Le groupe de Caron a étudié la manière dont les souris Tph2KI répondent à différents types de stress, montrant précédemment que la carence en sérotonine peut affecter la sensibilité à certains types de stress mais pas à d'autres.
Les experts estiment que ces nouvelles connaissances peuvent avoir des implications pour comprendre comment de faibles niveaux de sérotonine pourraient contribuer à la maladie mentale.
Dans l’étude, l’auteur principal Benjamin Sachs, Ph.D., chercheur postdoctoral du groupe de Caron, a testé les réponses de ces souris à un type de stress psychosocial: le stress de défaite sociale.
L'équipe a stressé les souris en les hébergeant chacune avec une souris étrangère agressive brièvement tous les jours pendant sept à 10 jours. Plus tard, les scientifiques ont examiné si les souris de test éviteraient d'interagir avec une souris inconnue - un comportement de type dépression.
Une semaine de stress social n'a pas été suffisante pour que les souris normales présentent des signes de dépression, contrairement aux souris déficientes en sérotonine. Des périodes plus longues d'exposition au stress ont conduit à un comportement de type dépression dans les deux groupes.
Les chercheurs ont ensuite découvert qu'un traitement de trois semaines au Prozac après l'exposition au stress atténuait les symptômes de type dépression chez les souris normales, mais pas chez les souris mutantes.
«Le Prozac et d'autres ISRS agissent en bloquant la capacité des cellules à recapturer la sérotonine, il est donc logique que les médicaments soient moins efficaces chez les animaux avec des niveaux anormalement bas de sérotonine pour commencer», a déclaré Caron.
Quelques études de cas ont suggéré que le ciblage d'une zone du cerveau appelée habénula latérale pourrait aider à soulager la dépression résistante au traitement. Cette zone est connue comme une région «punitive» du cerveau car ses neurones sont actifs en l’absence de récompense. Et les scientifiques pensent qu'une habénula latérale hyperactive pourrait déclencher une dépression.
Dans la nouvelle étude, le groupe Caron a ciblé l'habénule latérale avec un médicament de synthèse et un récepteur qui leur permet de contrôler l'activité de neurones particuliers chez un animal vivant.
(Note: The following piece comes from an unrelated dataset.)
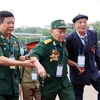 Các cựu chiến binh, cựu thanh niên xung phong tham gia chiến dịch Điện Biên Phủ vào Lăng viếng Chủ tịch Hồ Chí Minh. (Ảnh: Phạm Kiên/TTXVN)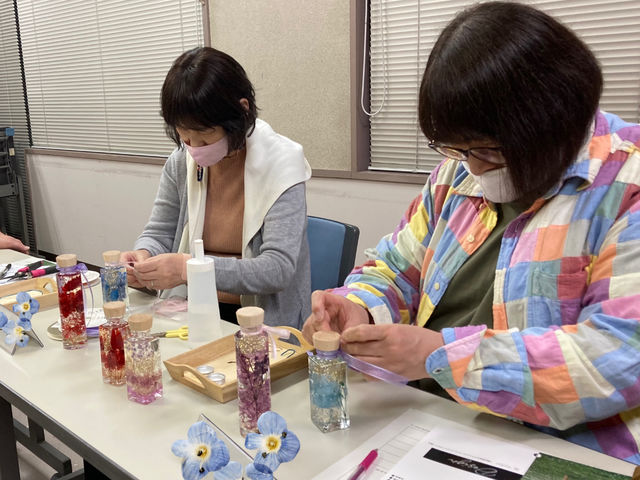 �R�~���j�P�[�V�����t�����[�f�U�C������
L'inhibition des neurones latéraux de l'habénula a inversé le comportement d'évitement social chez les souris déficientes en sérotonine, ont-ils découvert.
Bien que les médicaments utilisés par les chercheurs ne soient pas appropriés pour une utilisation chez l'homme, la découverte que des médicaments ciblés sur les habénules latérales peuvent être utilisés pour atténuer le comportement de type dépression chez les animaux est «une première étape importante», a déclaré Sachs.
«La prochaine étape consiste à déterminer comment nous pouvons désactiver cette région du cerveau d'une manière relativement non invasive qui aurait un meilleur potentiel thérapeutique», a ajouté Sachs.
Un autre indice pour de nouvelles thérapies potentielles est venu des comparaisons biochimiques des cerveaux des souris mutantes et normales. Les chercheurs ont découvert que les facteurs de stress sociaux semblaient changer l'endroit du cerveau où la molécule de signalisation β-caténine est produite chez les souris normales, mais pas chez les souris Tph2KI.
Pris avec d'autres preuves, ces nouvelles découvertes suggèrent qu'une carence en sérotonine peut bloquer une voie moléculaire critique qui comprend la β-caténine et qui peut être impliquée dans la résilience.
«Si nous pouvons identifier ce qui est à la fois en amont et en aval de la β-caténine, nous pourrions être en mesure de proposer des cibles médicamenteuses attrayantes pour activer cette voie et promouvoir la résilience», a déclaré Sachs.